Watching Michelle Duggar manage her Herculean tasks is addictive. We like to marvel at the logistics of life in oversized reality-TV families like the Duggars or the participants of the series "Kids By the Dozen" (also on TLC), which features families with at least 12 children each. How do they do all that laundry every week? Afford all those gallons of milk or cope with a joint birthday party for 13?

But there's one big omission from the on-screen portrayal of many of these families: their motivation. Though the Duggars do describe themselves as conservative Christians, in reality, they follow a belief system that goes far beyond "Cheaper by the Dozen" high jinks. It is a pro-life-purist lifestyle known as Quiverfull, where women forgo all birth-control options, viewing contraception as a form of abortion and considering even natural family planning an attempt to control a realm—fertility—that should be entrusted to divine providence.

At the heart of this reality-show depiction of "extreme motherhood" is a growing conservative Christian emphasis on the importance of women submitting to their husbands and fathers, an antifeminist backlash that holds that gender equality is contrary to God's law and that women's highest calling is as wives and "prolific" mothers.

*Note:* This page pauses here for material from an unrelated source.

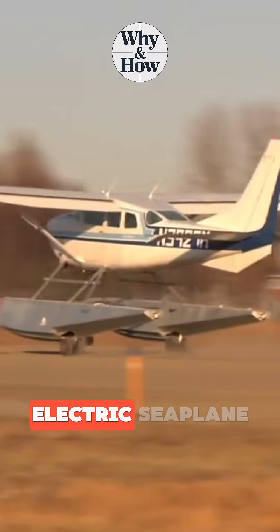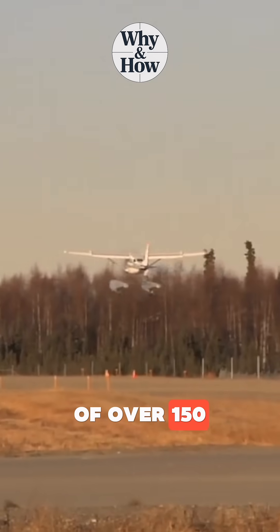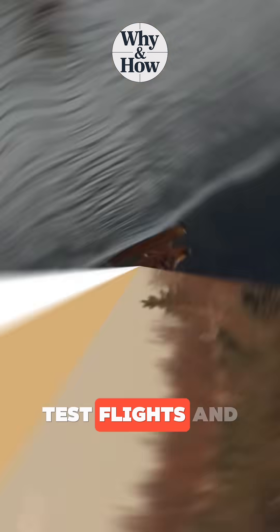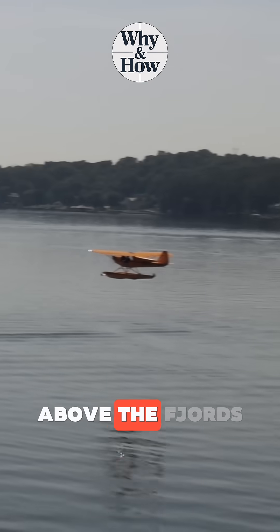And the future? Meet Noemi, the world's first fully electric seaplane, with zero emissions and a range of over 150 miles. It's already making test flights, and by 2030, an entire fleet could be flying above the fjords of Norway.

Mary Pride, an early homeschooling leader whose 1985 book "The Way Home: Beyond Feminism, Back to Reality" is a founding text of Quiverfull, convinced many readers that regulating one's fertility is a slippery slope. "Family planning is the mother of abortion," she writes. "A generation had to be indoctrinated in the ideal of planning children around personal convenience before abortion could be popular." Instead, Pride and her peers argue, Christians should leave family planning in God's hands, and become "maternal missionaries": birthing as many children as He gives them as both a demonstration of radical faith and obedience, as well as a plan to effect Christian revival in the culture through demographic means—that is, by having more children than their political opponents.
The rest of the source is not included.